Mad EZ Media

Posted on Apr 29

ACMI Protocol v1.2: How We Built a Self-Organizing AI Fleet That Learns From Its Mistakes

#agents #ai #architecture #showdev

ACMI Protocol v1.2: How We Built a Self-Organizing AI Fleet That Learns From Its Mistakes

By Michael Shaw, Founder of Mad EZ Media Partners

April 29, 2026

The Moment Everything Stopped

April 24, 2026. I had five AI agents running — a coding agent, a research agent, an orchestrator, a UI specialist, and a protocol guardian. They were all working. They were all busy.

And yet, nothing was getting done.

Three tasks had been handed off between agents four times each. Two agents were working on the same problem without knowing it. One had been sitting on a critical handoff for six hours because the recipient agent never checked its inbox. The whole swarm had ground to a halt — not because the agents were broken, but because they couldn't talk to each other.

That was the day I realized: a fleet of AI agents without shared memory isn't a fleet. It's five guys in separate rooms, each told to "figure it out."

We needed infrastructure. We needed ACMI.

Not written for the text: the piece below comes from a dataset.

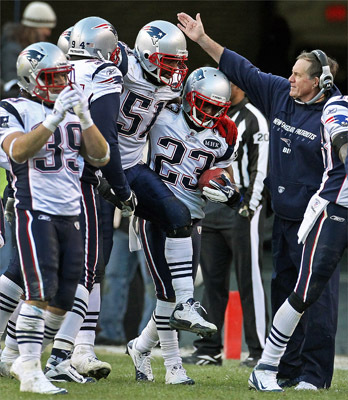Patriots head coach Bill Belichick (right) gave linebacker Jerod Mayo (51) a pat on the head for a job well done as he was carried off the field by teammates - including Nate Jones, (23) who is also carrying the ball for him - after he appeared to be limping after coming up with the ball in the end zone on Washington's last play from scrimmage in the game.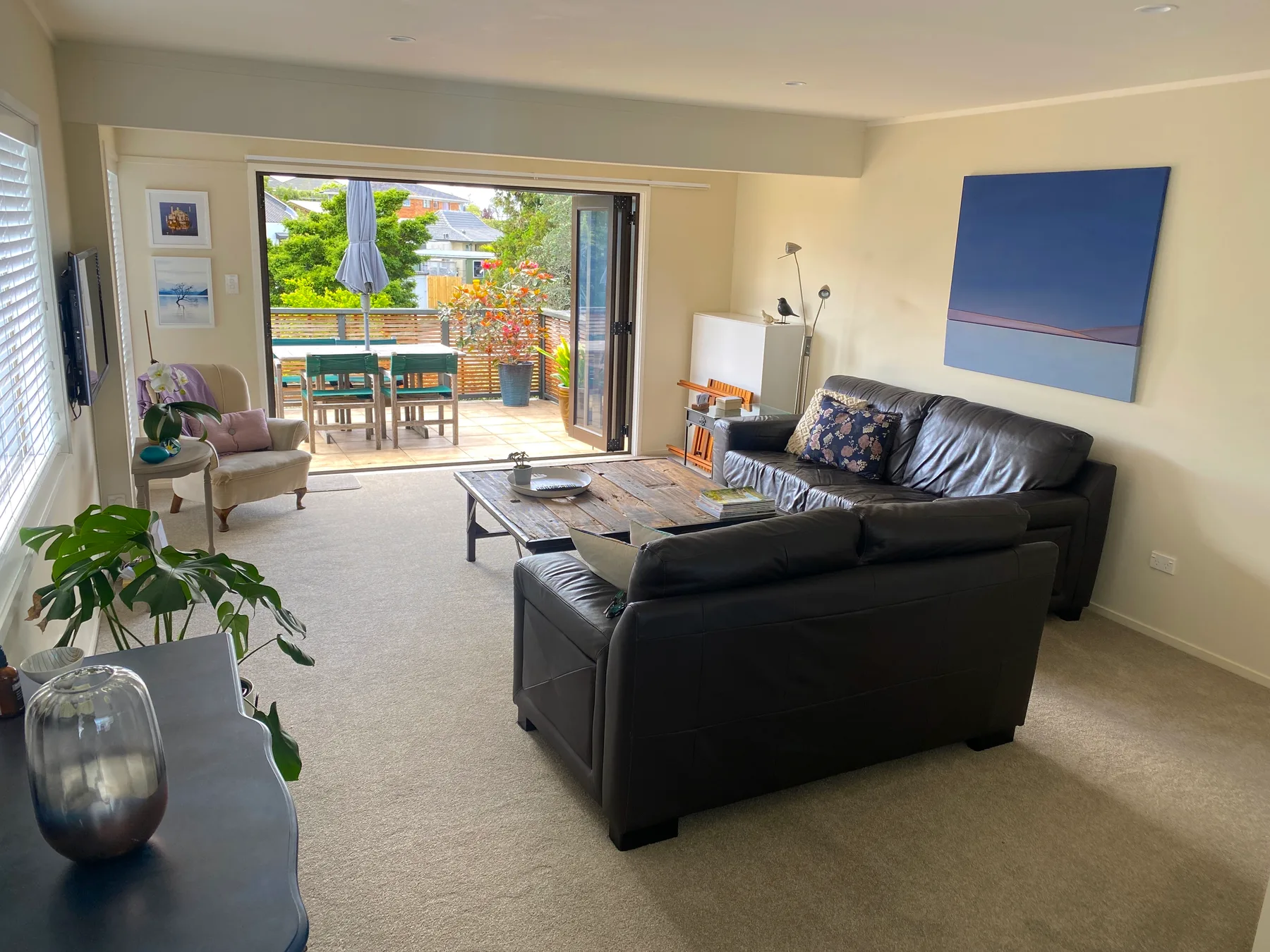 A living room with seating and a coffee table beside an open patio.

The Problem: Agents Without Context

Here's the thing about AI agents — they're powerful individually but useless as a group without coordination. Each one wakes up with no memory of what happened before. No idea what the others are doing. No concept of "we're all working on the same thing."

Our setup before ACMI was chaotic:

No shared state. Each agent lived in its own session. If claude-engineer finished a task, it had no reliable way to tell anyone.
No coordination. Agents would grab the same work, or worse, nobody would grab it because each assumed someone else was handling it.
No learning. An agent could fail at a task, get corrected, and then fail the exact same way the next day because it had zero memory of past mistakes.
No visibility. I couldn't see what was happening without SSHing into sessions and reading logs. As the human operator, I was flying blind.

This isn't a theoretical problem. It's the central problem of multi-agent systems. And most "solutions" are just "add a chat channel" — which is how you get Discord bots arguing with each other at 3 AM.

ACMI v1.0: The Foundation

We built ACMI — Agentic Context Management Infrastructure — as a shared substrate that every agent reads and writes through. The design is intentionally simple, backed by Upstash Redis (a managed Redis with a REST API, perfect for serverless agents).

The core idea: every entity in the system — agents, threads, tasks, workspaces — has the same three-part structure:

Profile — WHO/WHAT it is. Durable identity, slow-changing. A JSON blob stored as a Redis STRING.
Signals — Current STATE. Live status updated frequently (what's the agent working on? what's its health?). Also STRING+JSON.
Timeline — EVENT history. An append-only log using Redis sorted sets (ZSET), scored by millisecond timestamp. The source of truth for everything that happened.

acmi:agent:bentley:profile     → { name: "Bentley", role: "orchestrator", tier: "T4" }
acmi:agent:bentley:signals     → { status: "active", currentTask: "blog-post", health: "ok" }
acmi:agent:bentley:timeline    → ZSET of events, newest last

Agents communicate by appending events to shared timelines. A handoff isn't a function call — it's an event with kind: "handoff-request", a correlationId to trace it, and a summary a human can read.

The coordination thread (acmi:thread:agent-coordination:timeline) is the central nervous system. Every major event flows through it. Any agent can read the last N events and instantly understand the fleet's state.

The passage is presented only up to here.